◆ WORK ITEM
Without omitting anything, copy the data exactly.

◆ SUPPLIED INFORMATION
╭──

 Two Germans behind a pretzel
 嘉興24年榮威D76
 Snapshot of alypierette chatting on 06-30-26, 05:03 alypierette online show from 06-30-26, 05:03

╰──

◆ RESPONSE BOX
 Two Germans behind a pretzel
 嘉興24年榮威D76
 Snapshot of alypierette chatting on 06-30-26, 05:03 alypierette online show from 06-30-26, 05:03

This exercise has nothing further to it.